Von Gewohnheit und Toleranz


Das Haus, in dem ich wohne, ist letztes Jahr hundert Jahre alt geworden. Im Winter zieht es, im Sommer kann man im Keller noch Getränke kühlen. Kommt ein Erdbeben, bleibt es stehen, kommt der Elektriker, wird es zwangssaniert. Und wenn nachts irgendwo jemand im Bad ist, kriege ich das mit. Und darum geht's heute.

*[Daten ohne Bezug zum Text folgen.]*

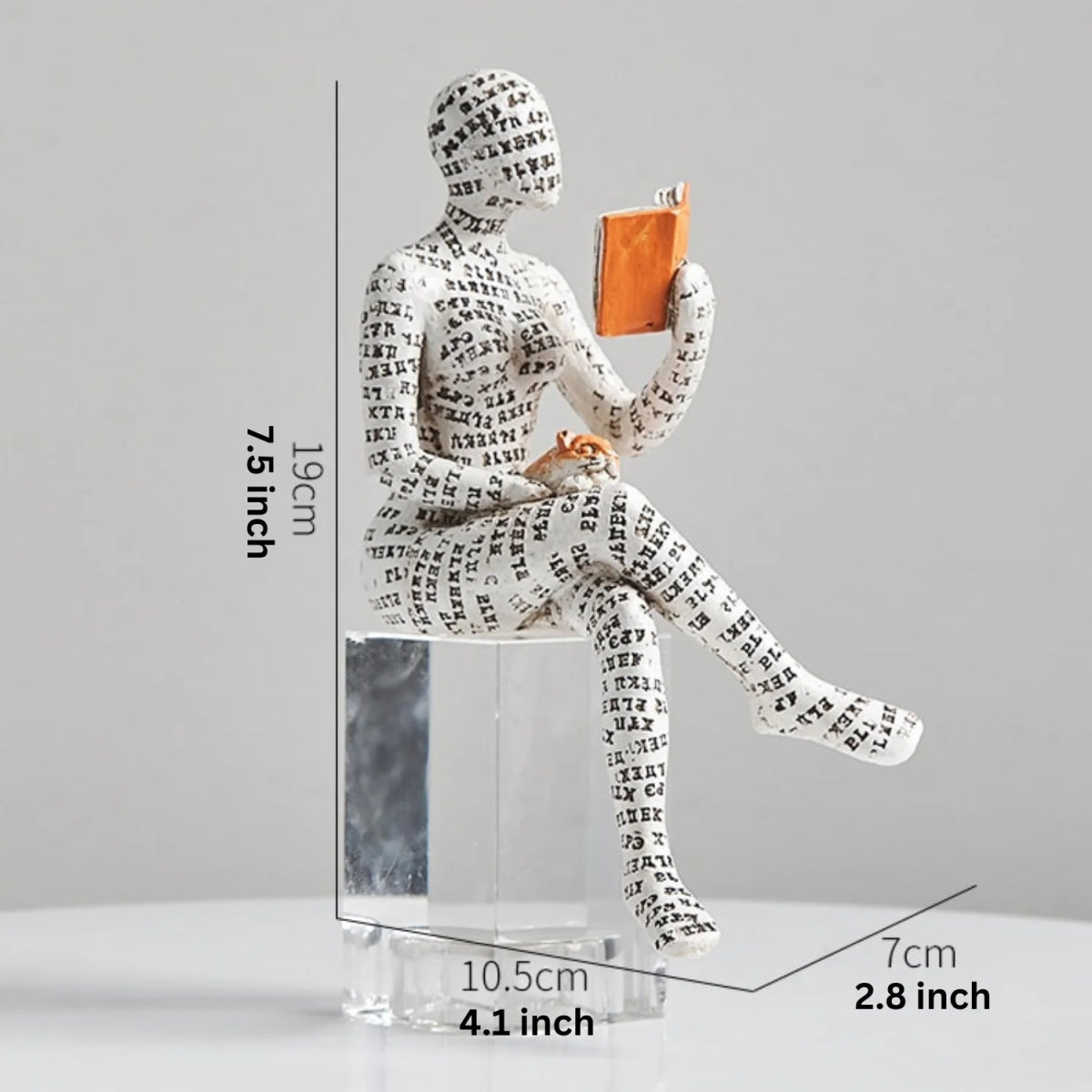 handcrafted-abstract-humanoid-resin-sculptures-img6.webp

In diesem Haus wohnen acht Parteien auf vier Ebenen; ein junges und ein altes Ehepaar, vier Erwachsene, davon eine Rentnerin, eine Auszubildende und ich. Zwei davon haben einen Hund, einer hört laute Musik und ich spiele Schlagzeug. Und seit ich hier wohne, forsche ich daran, wie hellhörig dieses Haus unter welchen Umständen ist.

Nun könnte man meinen, das sei ein Haus, kein Lebewesen. In der Folge müsste man annehmen, es sei immer gleich hellhörig. Aber die Aussagen sind so widersprüchlich, dass ich da nicht von ausgehen mag. Für's Folgende einige Infos: Ich wohne im zweiten Stock, die beiden Ehepaare im Erdgeschoss und der Typ mit der lauten Musik im ersten Stock. Mein Schlagzeug steht im Keller.

Zum Schlagzeug habe ich bisher aus dem Erdgeschoss die Beschreibung "Schlagzeug halt" und "leise ist es nicht". Im ersten Stock hört man wohl gar nichts mehr davon. Die Aussagen von dort sind ohnehin komplett widersprüchlich. Bei einer Lanparty gab es Beschwerden, dass wir die Stühle so laut rücken würden, und dazu die Aussage, man würde ja eigentlich nichts hören, außer "vielleicht mal wenn einer rumläuft" (wtf? Hier trägt keiner Absatzschuhe). Bei einer anderen Party bei mir hingegen, bei der ich mit E-Schlagzeug, Monitorbox und Freunden mit E-Gitarre und Verstärker und Keyboard hier gerockt habe, hieß es von unten (nein, nicht ironisch), man wüsste ja gar nicht, wovon ich rede - niemand hatte was mitbekommen. Es war ein Höllenlärm in meinem Schlafzimmer.

Die Musik aus dem ersten Stock konnte ich mir schon direkt in der Wohnung unter mir anhören, meiner Meinung nach höre ich dafür, dass es gar nicht so laut ist, ziemlich viel davon in meiner Wohnung. Im dritten Stock hört man die Musik aber angeblich auch noch, was ich wiederum nicht glaube, zumal beide Parteien im dritten Stock sagen, dass sie von mir absolut nichts mitkriegen, und ich bin teilweise auch recht laut.

Einer der Hunde wohnt über mir, das kriege ich mit, aber nur, wenn er bellt. Dafür höre ich ständig von irgendwo her Fernseher, auch nachts; das könnte auch aus dem Nebenhaus kommen. Was man dort mitkriegt, steht sowieso in den Sternen, genauso, woher die anderen Geräusche kommen, die ich nachts so höre.

Mein bisheriges Fazit daraus ist, dass sich die, die hier schon länger wohnen, an die Hellhörigkeit gewöhnt und damit ihre Toleranzgrenze erhöht haben. Vermutlich hört man hier eigentlich eine ganze Menge; ich höre z.B. auch manchmal jemanden telefonieren und irgendeine Art von Wasserleitung ist auch hörbar - nicht aber jede, es sei denn, niemand außer mir duscht hier. Wenn man hier jahrelang wohnt, überhört man es aber vermutlich irgendwann. Nur bei denen im Erdgeschoss habe ich wenig Hoffnung, dass die irgendwann überhören, wenn ich übe.